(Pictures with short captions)
______________________________
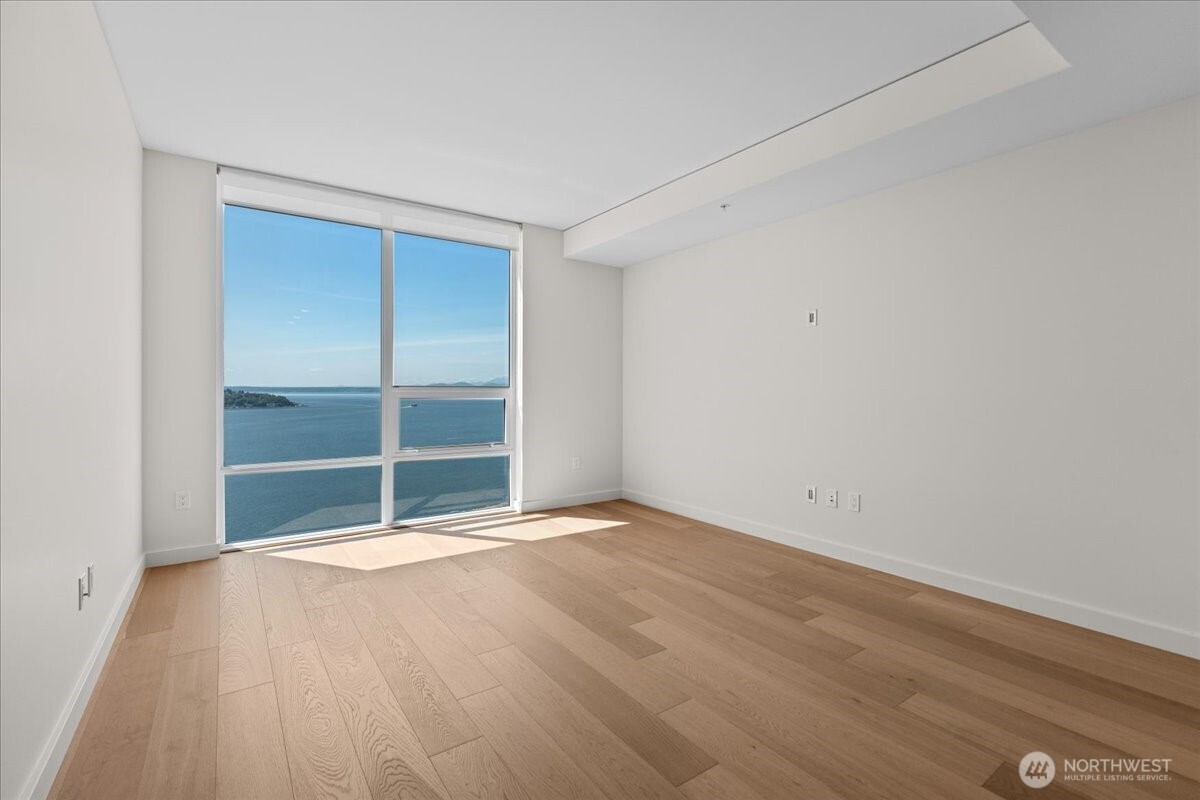 121 Stewart Street #2506, Seattle, WA 98101, photo 2 of 40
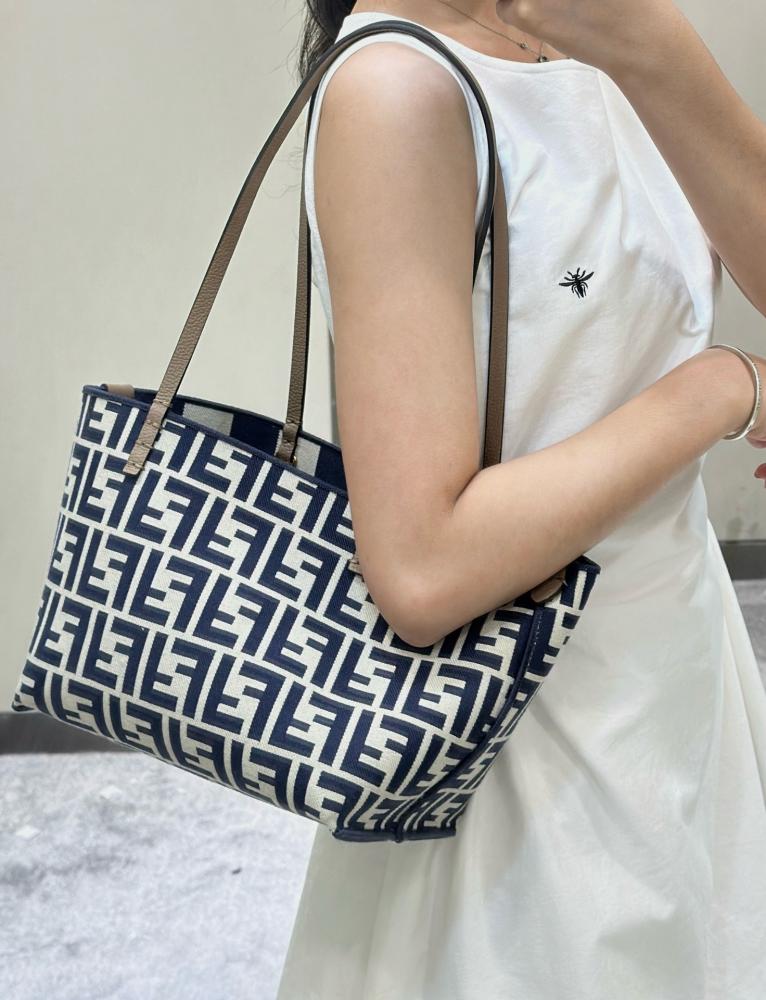 فندي توتي 22cm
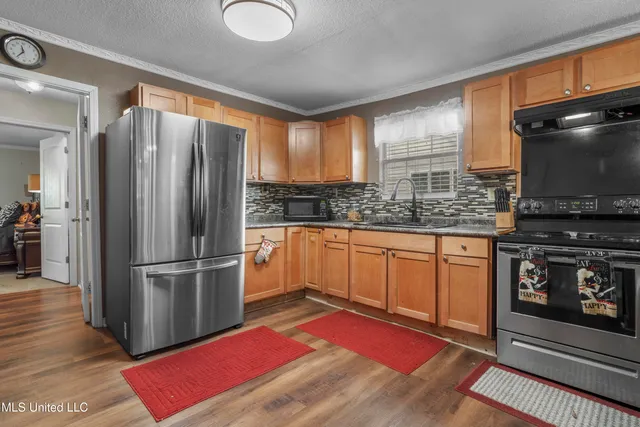 $337,500 | 1112 Robinson Street, Ocean Springs, MS 39564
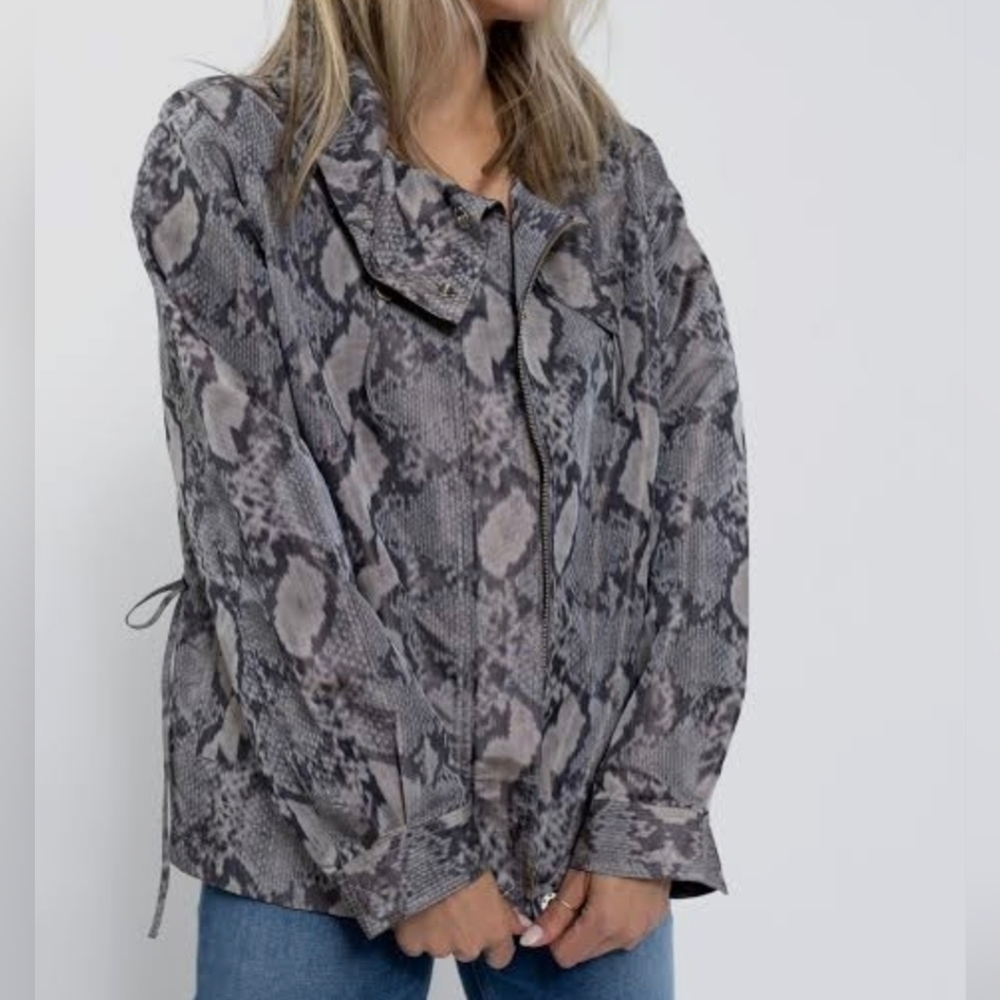 Women's St. John Python Full Zip Jacket Size Peti… - image 1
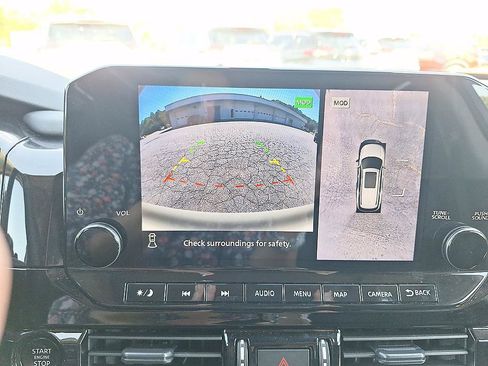 Used 2025 Nissan Pathfinder Platinum w/ Cargo Package FWD image 15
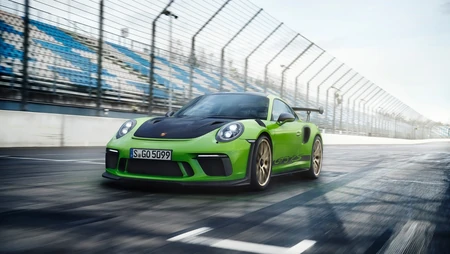 赛道上绿色车身涂装的19款保时捷911高清壁纸型号GT3 RS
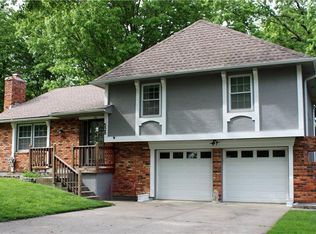 528 Mark Ln, Belton, MO 64012
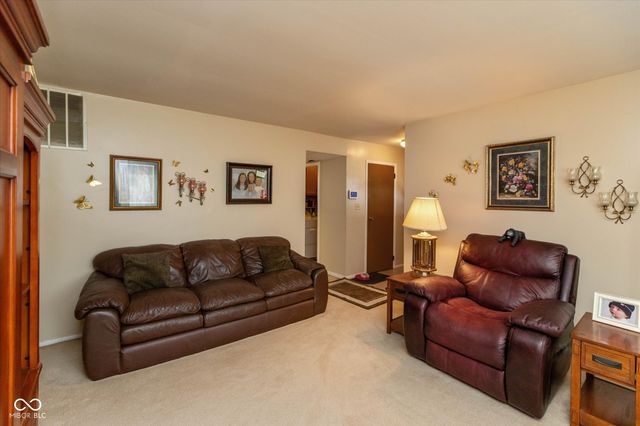 4149 Mellis Drive, Indianapolis, IN 46235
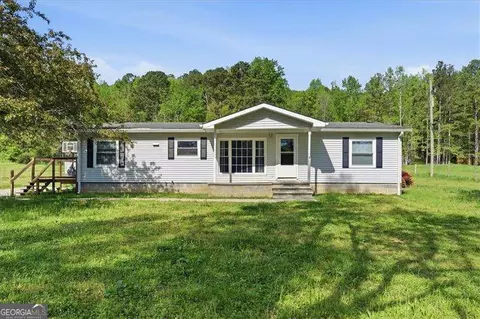 235 Kirk Rd NW, White, GA 30184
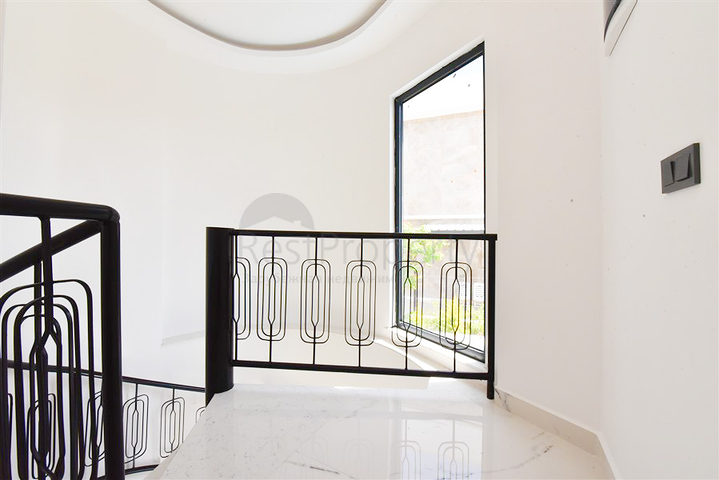 اطلالة بحر -فيلا فاخرة - 3 غرف وصالة -مسبح خاص -في كارجي جاك / الانيا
______________________________
Using the records above, copy exactly and only the lines from the line with "235 Kirk Rd NW, White, GA 30184" through the end, both included; leave every picture out.

• **Answer box**
 235 Kirk Rd NW, White, GA 30184
 اطلالة بحر -فيلا فاخرة - 3 غرف وصالة -مسبح خاص -في كارجي جاك / الانيا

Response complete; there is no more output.